A study by European Surveillance of Antimicrobial Consumption demonstrated that Portugal (with Spain and Italy) was the European country with the highest fluoroquinolone use.5 Misuse of fluoroquinolones may, therefore, explain the low susceptibility of our isolates, whether they were from community (77.2% susceptible) or from hospital (64.2%). MYSTIC and SENTRY studies also revealed low susceptibility to these agents.3,4
Incidence of MDR isolates was high, but within the results observed in Europe.6
Choices of antimicrobial agents for empirical therapy for possible pseudomonal infections must be influenced by regional information as well as by changing local patterns of resistance.4 Since none of the antibiotics tested among nosocomial isolates reached 90% susceptibility, recommendations for empirical treatment are difficult to give, although piperacillin plus tazobactam and meropenem seem a good choice for initial therapy. Monotherapy carries the risk of possible emergence of antibiotic-resistant bacteria during treatment, and combination therapy, including a ß-lactam (carbapenem or piperacillin plus tazobactam) and an aminoglycoside (amikacin), may be a prudent option, especially in cases of severe infection.1 Among community isolates, all ß-lactams would be useful as, in this study, P. aeruginosa was in general susceptible to these agents.

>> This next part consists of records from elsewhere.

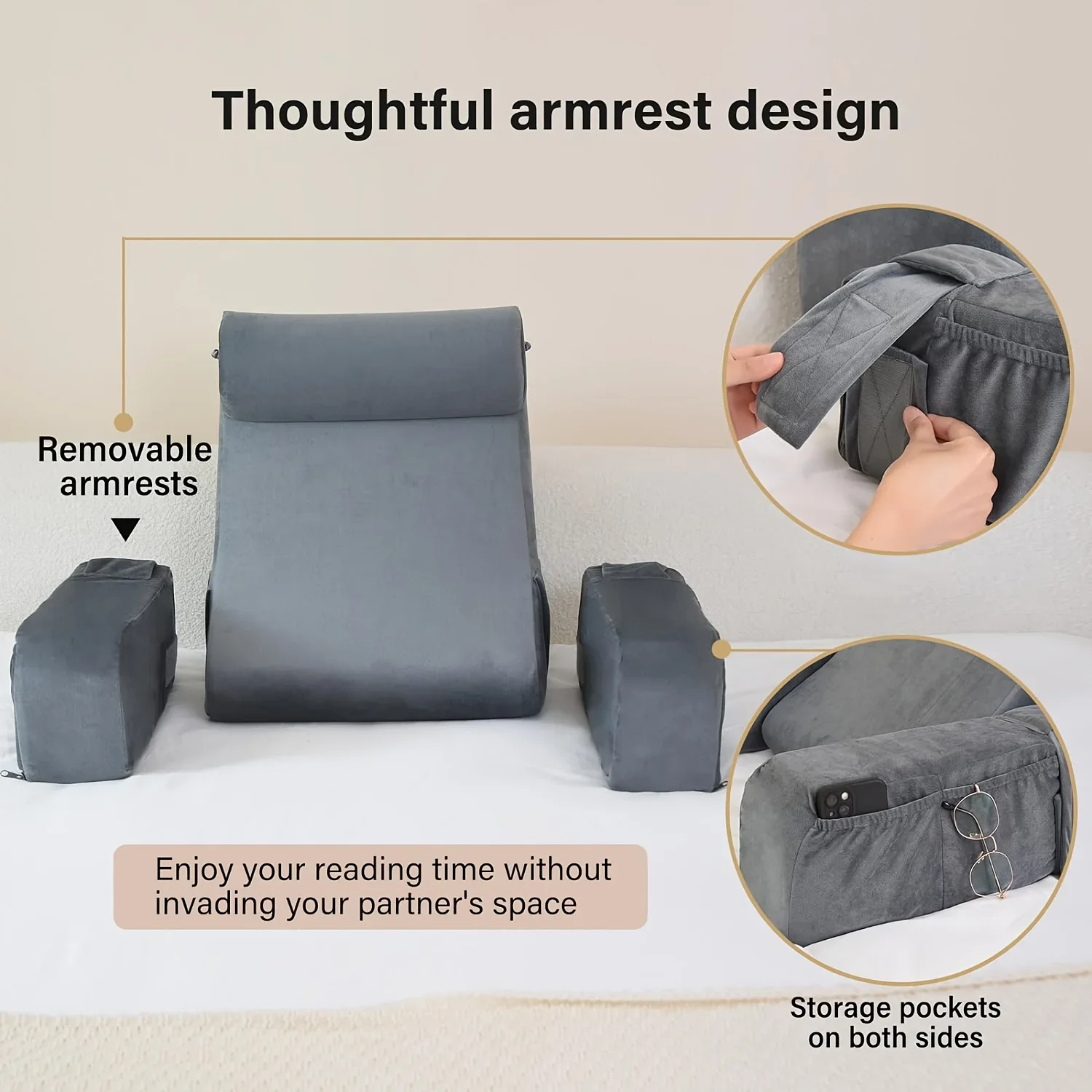 Memory Foam Lees Kussen voor B - Gaming Chair Cushion recensie en prijs
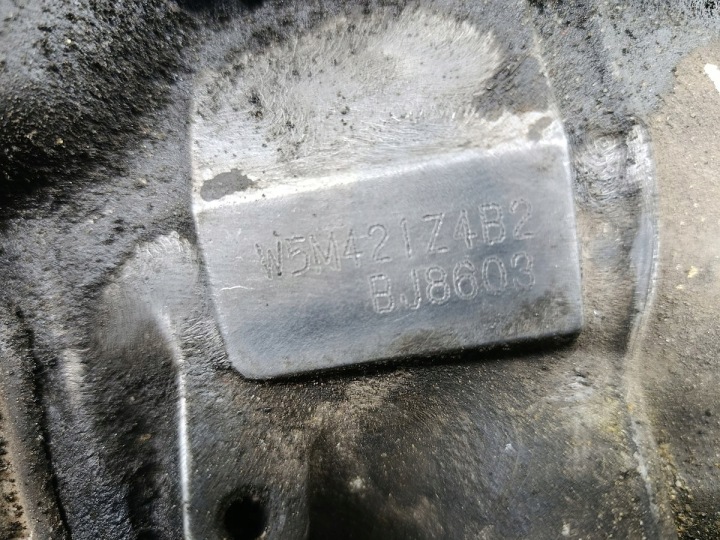 фото №7, Коробка передач механическая 5 mitsubishi outlander i w5m421z4b2 2.0 16v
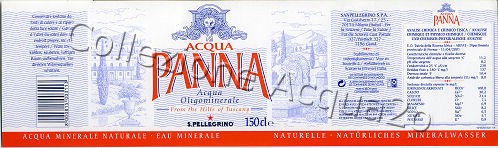 Acqua PANNA (analisi 2001) -S.Pellegrino- PET Nat 1,5 L   [210308]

In conclusion, surveillance of antimicrobial susceptibility is important for developing rational empirical therapy guidelines and for guiding efforts to control and prevent spread of resistant microorganisms, especially if, like P. aeruginosa, they show particular propensity for the development of resistance and are a recognized public health threat.
None to declare.
Acknowledgements
We thank Trindade Marques and Jorge Marques for assistance with data management. We thank FCT through POCTI (FEDER) for financial support.
References
1 Fluit A, Verhoef J, Schmitz F. Antimicrobial resistance in European isolates of Pseudomonas aeruginosa. Eur J Microbiol Infect Dis (2000) 19:370–4.[CrossRef]
2 National Committee for Clinical Laboratory Standards. Performance Standards for Antimicrobial Susceptibility Testing Twelfth Informational Supplement M100-S13 (2003) Wayne, PA, USA: NCCLS.
3 Mendes C, Turner P, MYSTIC Study Group (Europe). Unit differences in pathogen occurrence arising from MYSTIC Program European database (1997–2000). Diagn Microbiol Infect Dis (2001) 41:191–6.[CrossRef][Web of Science][Medline]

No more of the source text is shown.